PROBLEM DETAILS -
Search the listing below for the word "Subaru" and copy each line where it appears.

TASK INPUTS -
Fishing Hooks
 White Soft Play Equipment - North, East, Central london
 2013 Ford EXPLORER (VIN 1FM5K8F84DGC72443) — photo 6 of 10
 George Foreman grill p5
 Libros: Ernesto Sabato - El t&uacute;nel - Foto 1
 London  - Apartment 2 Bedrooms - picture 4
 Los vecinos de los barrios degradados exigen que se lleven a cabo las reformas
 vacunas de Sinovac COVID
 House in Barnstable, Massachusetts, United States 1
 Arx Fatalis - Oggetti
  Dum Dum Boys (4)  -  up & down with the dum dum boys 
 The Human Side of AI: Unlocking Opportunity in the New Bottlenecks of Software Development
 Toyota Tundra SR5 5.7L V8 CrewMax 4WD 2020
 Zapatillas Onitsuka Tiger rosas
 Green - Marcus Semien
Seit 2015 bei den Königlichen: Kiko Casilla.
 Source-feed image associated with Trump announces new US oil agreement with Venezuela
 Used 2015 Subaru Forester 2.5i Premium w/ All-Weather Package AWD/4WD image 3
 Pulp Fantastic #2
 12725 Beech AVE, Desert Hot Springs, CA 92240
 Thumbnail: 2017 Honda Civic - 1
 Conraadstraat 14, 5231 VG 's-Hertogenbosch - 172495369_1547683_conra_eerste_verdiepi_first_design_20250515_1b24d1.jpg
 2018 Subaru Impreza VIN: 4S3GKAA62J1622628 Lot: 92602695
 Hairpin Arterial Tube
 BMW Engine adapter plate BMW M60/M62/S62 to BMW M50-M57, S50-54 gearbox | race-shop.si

WRITTEN ANSWER -
 Used 2015 Subaru Forester 2.5i Premium w/ All-Weather Package AWD/4WD image 3
 2018 Subaru Impreza VIN: 4S3GKAA62J1622628 Lot: 92602695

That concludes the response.